Quando, nel 2000, entrai in Italia dei Valori i temi della moralità nella vita pubblica e del cambiamento della classe politica stavano al primo posto, prima di qualunque altra considerazione e venivano continuamente declinati negli slogan della nostra campagna elettorale per le elezioni politiche del 2001.
Subito dopo quelle elezioni, quando assunsi l’incarico di “Coordinatore Nazionale dei Dipartimenti Tematici”, che furono allora da me costituiti insieme a Giorgio Calò, ci demmo, come primo compito, quello della stesura di un “Programma politico generale” di Italia dei Valori. Il lavoro impegnò per alcuni mesi, non senza discussioni anche aspre, un centinaio di persone, con svariate competenze di elevata qualità. Al termine dei lavori fu lincenziato un testo, che passò agli organi politici del partito, venne posto integralmente sul sito internet e rimase invariato fino alle elezioni politiche del 2008, con una revisione svolta nel 2006/2007. Riporto ciò era scritto nella premessa di quel programma:
“L’Italia dei Valori ritiene indispensabili alcune semplici regole che valgono sia all’interno del partito che al suo esterno, nel quadro generale della vita pubblica italiana.

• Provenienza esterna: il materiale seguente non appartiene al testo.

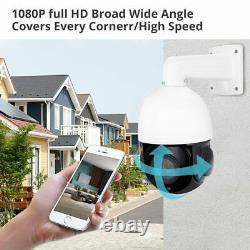 5MP AI Auto Tracking IP PTZ Dome Camera P2P 30X Zoom Hikvision Compatiable With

Per eletti, nominati o designati negli enti e classe dirigente vogliamo
· incompatibilità tra le cariche di ministro e di parlamentare; di parlamentare europeo e parlamentare nazionale; di ministro e di professionista; di parlamentare, consigliere regionale e sindaco nei casi in cui si possa determinare conflitto di interesse
· in tutte le assemblee elettive, massimo di due legislature
· controllo delle spese elettorali anche in caso di elezioni europee, a cura dei revisori dei conti dei bilanci e dei revisori dei conti dei bilanci dei partiti per i parlamentari
· riduzione dei costi della politica e conseguente diminuzione del numero degli eletti e degli assessori; limitazione della possibilità di partecipare a più commissioni in cui sia previsto un gettone di presenza
· trasparenza delle nomine negli Enti, nelle Società a capitale pubblico, nelle Società a capitale misto; auditing pubblici di commissioni parlamentari e consiliari, integrate da tecnici, esamineranno i curricula dei candidati e proporranno una rosa di nomi nell’ambito dei quali gli organi esecutivi degli enti opereranno le scelte
· tetto massimo per stipendi e indennità dei presidenti e dei componenti dei consigli di amministrazione che non potranno superare quelli dei parlamentari
· ridefinizione del ruolo e del funzionamento delle Autorità e del rapporto con enti e società sottoposti al loro controllo
· vigilanza del Senato, in quanto Camera federale, sulle Autorità;
· revisione dei criteri di nomina e delega al Presidente della Repubblica;
· revisione degli stipendi dei Presidenti e dei componenti le Autorità che non potranno superare l'indennità dei Parlamentari;
· divieto di assunzione di parenti entro il terzo grado di parentela nelle Autorità e negli Enti e Società sottoposte al loro controllo nonché nelle Istituzioni e nelle Società private che hanno rapporti con le Autorità e viceversa.”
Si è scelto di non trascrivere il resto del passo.